To develop a better model, Gong Peng and other scientists at the State Key Laboratory of Remote Sensing Science, Chinese Academy of Sciences, in Beijing incorporated hydrologic, climatic and topographic data sets into a global wetland suitability map; this new map also matches individual wetland sites with local water table depth.

Professor Gong, who also conducts research at the Center for Earth System Science, at Tsinghua University in Beijing, along with Zhu Peng, a scientist jointly based at the state key lab and at the University of the Chinese Academy of Sciences, outlined their new global wetlands map in a study entitled "Suitability mapping of global wetland areas and validation with remotely sensed data." The new study was published in the Beijing-based journal SCIENCE CHINA Earth Sciences.

Because the evolution-driving mechanisms involving land-surface wetlands vary across different regions due to different climate and landform conditions, a global freshwater ecoregion dataset has been used to construct mapping units that feature model parameters. The new global land surface wetland suitability map produced in Beijing tracks water cycle processes, but is relatively simple and includes fewer datasets. Yet a remote sensing based validation showed the new model has a higher overall accuracy compared with other suitable wetland maps.

Study leaders Zhu Peng and Gong Peng attribute the better performance of their model partially to the adoption of climatic-basin units that each feature unique model parameters and to the incorporation of soil water content datasets from an advanced land surface model.

The modeled results indicate that the total area of global wetlands has reached 3.316×107km2. There is a big gap between this set of results and existing data on worldwide wetland areas.

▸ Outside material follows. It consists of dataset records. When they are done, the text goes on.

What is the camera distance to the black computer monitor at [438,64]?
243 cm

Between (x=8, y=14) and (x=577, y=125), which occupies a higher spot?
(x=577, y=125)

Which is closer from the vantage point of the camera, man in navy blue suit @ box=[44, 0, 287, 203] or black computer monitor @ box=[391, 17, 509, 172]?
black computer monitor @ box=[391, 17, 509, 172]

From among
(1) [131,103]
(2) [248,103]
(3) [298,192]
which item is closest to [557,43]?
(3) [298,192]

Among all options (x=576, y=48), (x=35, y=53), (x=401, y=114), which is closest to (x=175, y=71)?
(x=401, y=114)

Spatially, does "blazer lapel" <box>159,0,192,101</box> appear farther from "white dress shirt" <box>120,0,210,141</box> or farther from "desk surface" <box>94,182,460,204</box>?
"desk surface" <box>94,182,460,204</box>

The results are useful not only for scientific purposes, but also to increase understanding of how wetlands have been transformed and how they can be better protected.

In their new study, scientists Gong Peng and Zhu Peng stated: "Our result also proves that exploring and modeling global wetland at high resolution from a water cycling perspective is feasible."

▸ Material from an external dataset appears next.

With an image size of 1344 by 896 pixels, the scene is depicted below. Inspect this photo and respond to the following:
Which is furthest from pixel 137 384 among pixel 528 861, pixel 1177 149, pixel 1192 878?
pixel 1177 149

"Since we did not account for the impact of human-induced disturbance to the natural water cycling, our result overestimated the area of global wetland," they added. "In the future we expect that more human impact factors will be represented and more hydrological processes will be included into land surface models to produce more accurate global wetland distribution data."

Their new model, they state, reflects the potential extent of global wetlands and can be used as the foundation for mapping the actual global wetland distribution.